In these times we need ‘inclusive’. So here’s Top Gear’s ordinary car of 2022. The sort of car we’ve all owned or driven at some point. Hatch. Small engine. No hybrid or plug. Unsporty. But the new Astra is a fine example.
We’ve all learned since early 2020 that our time is too precious to waste on anything that’s mundane or shoddy. So I’m off to do some ordinary things, but good ones. They’ll be in beautiful places linked by great roads in a sweep of central and northern England. A roadtrip designed to be inclusive. Happily it also neatly swerves the spiralling argy bargy of Channel crossings or airports.
Photography: Jonny Fleetwood
This feature was originally published in the 2022 Awards issue of Top Gear magazine
So you find me and photographer Jonny Fleetwood on a wet motorway in a 1.2-litre Vauxhall feeling very chipper. It’s the M6, normally given a bad name by its treacly plugged up flow past Birmingham. But we’re up near the Shap summit in Cumbria. Different altogether. Traffic is as sparse as a Sixties planner’s sketch; the scenery is awesome. The view and atmosphere changes wildly with the weather up here, and the weather is seldom the same for long. Today we have drama: clouds of lead and mercury cloaking the hills, spray beating down on the car. It’s our comforting little weatherproof cocoon.
If motorways have a bad name, so do motorway services, and with good reason. But not Tebay.
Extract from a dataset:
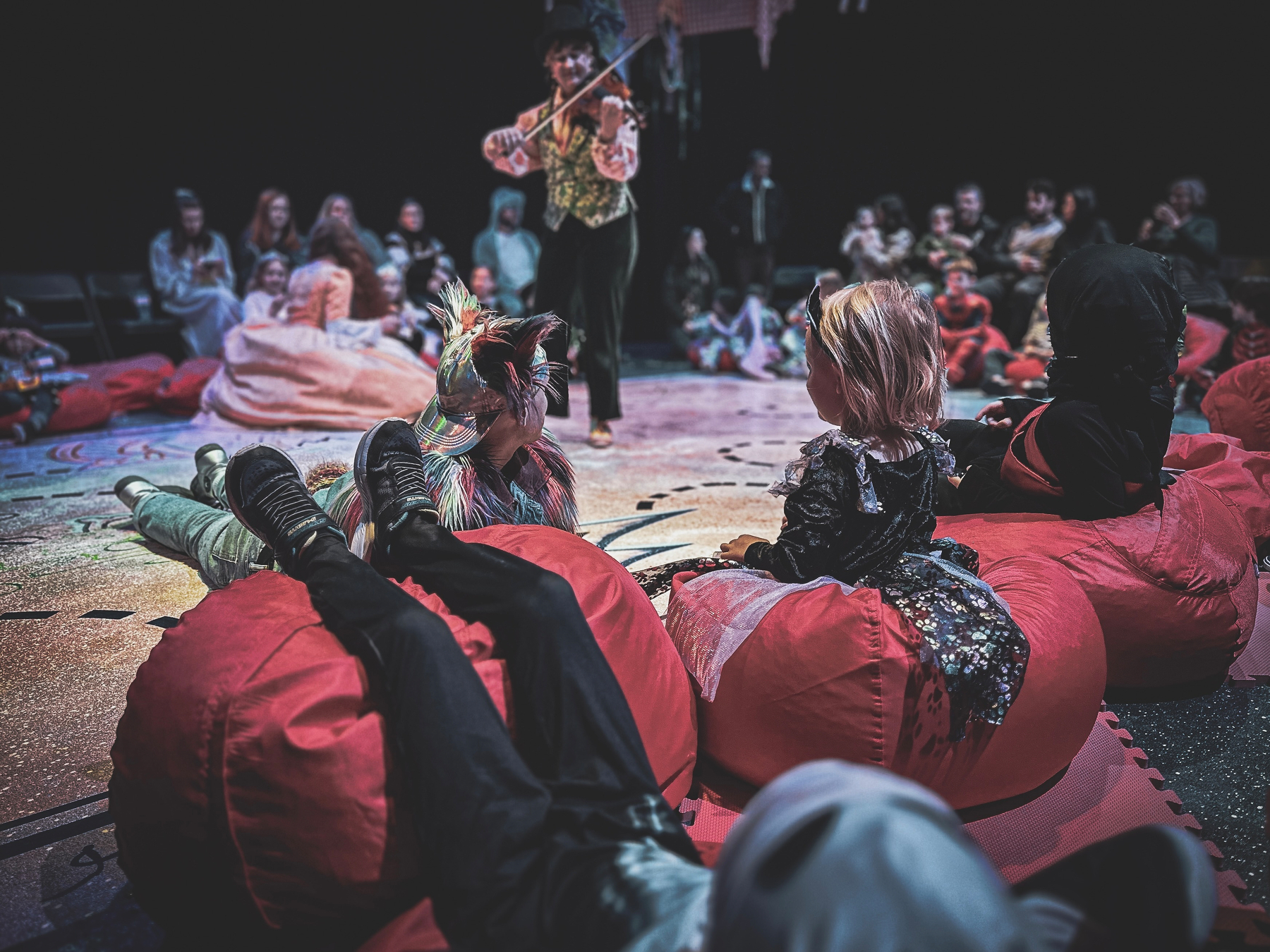 Auto-generated description: A performer plays the violin to an audience of children in costumes sitting on red bean bags.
It’s tucked right up here in the Westmoreland hills so it gets off to a good start, but the food is what detains you. Instead of overpackaged corporate processed chow plonked under grease-yellowed striplights, you get proper hand-cooked local produce, and a farm shop. The same people also operate the Gloucester services and those are just as good, so why aren’t other motorway travellers dignified with the same standards?
Right. We’re nourished for some exercise. The Astra, like any hatch, can swallow a bike or two. Try that in your V12 hypercar. Rather than using an external rack, I like to drop the rear seat, take off the front bike wheels and put them upright in the back. It saves wind noise and drag and worry, provided of course you tie them down well to avoid getting a handlebar to the back of the head when you brake. The Astra has good lashing eyes for the ropes.
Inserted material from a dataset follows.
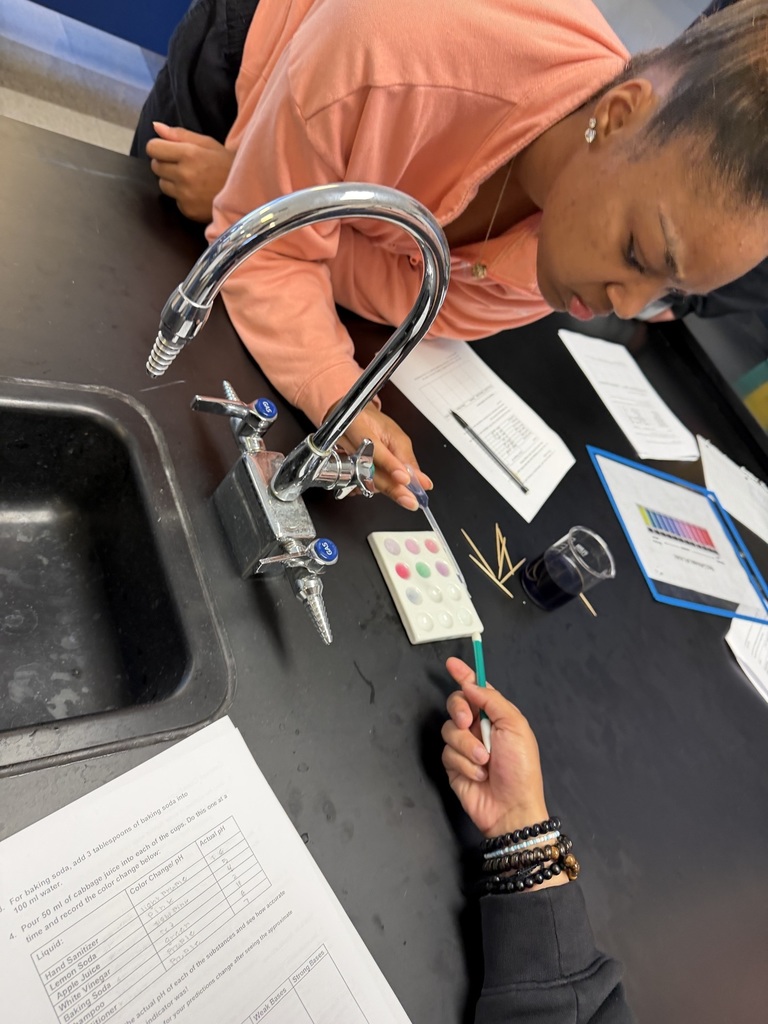 Chemistry students performing an experiment.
Cycling might be a wholly ordinary activity, but up in the Pennines is a network of beautiful and lonely tracks, road and gravel, that properly clear the head and lungs. I do a little segment of the route across the spine of England, stopping at Britain’s highest pub, the Tan Hill inn.
Two wheels good. Four too. The road always matters more than the car. I’d rather drive a slow car fast than a fast car slowly, even when it’s a matter of perception and those two speeds in miles an hour are exactly the same. Coming down off the Pennines the roads are fascinating and challenging. It’s narrow and bumpy enough that a supercar would be nearly as constrained here as it would, for different reasons, in Surrey. The Astra stretches its legs.
The road always matters more than the car. I’d rather drive a slow car fast than a fast car slowly
Its trick is in its lightness of touch. It isn’t actually all that light in kilograms (though the little three-cylinder engine helps), but it’s fluent and agile on these roads that buck and twist, crest and dip. A really well judged suspension for rural Britain, even if paradoxically that’s an inheritance of Vauxhall’s mating with Peugeot. You don’t have to work the steering to hold it against that roadway disturbance, so you can just use it to pour into a bend, when you find nicely proportional reactions. Hit a damp patch and the wheel momentarily goes light in your hands – and I thought steering feel had been declared a banned substance. Of course there’s a bit of stodge and slack here because it’s an ordinary hatch not a sports car, but it’s a well struck balance; that slight rubberiness is what kept things refined on the M1 and M6 yesterday.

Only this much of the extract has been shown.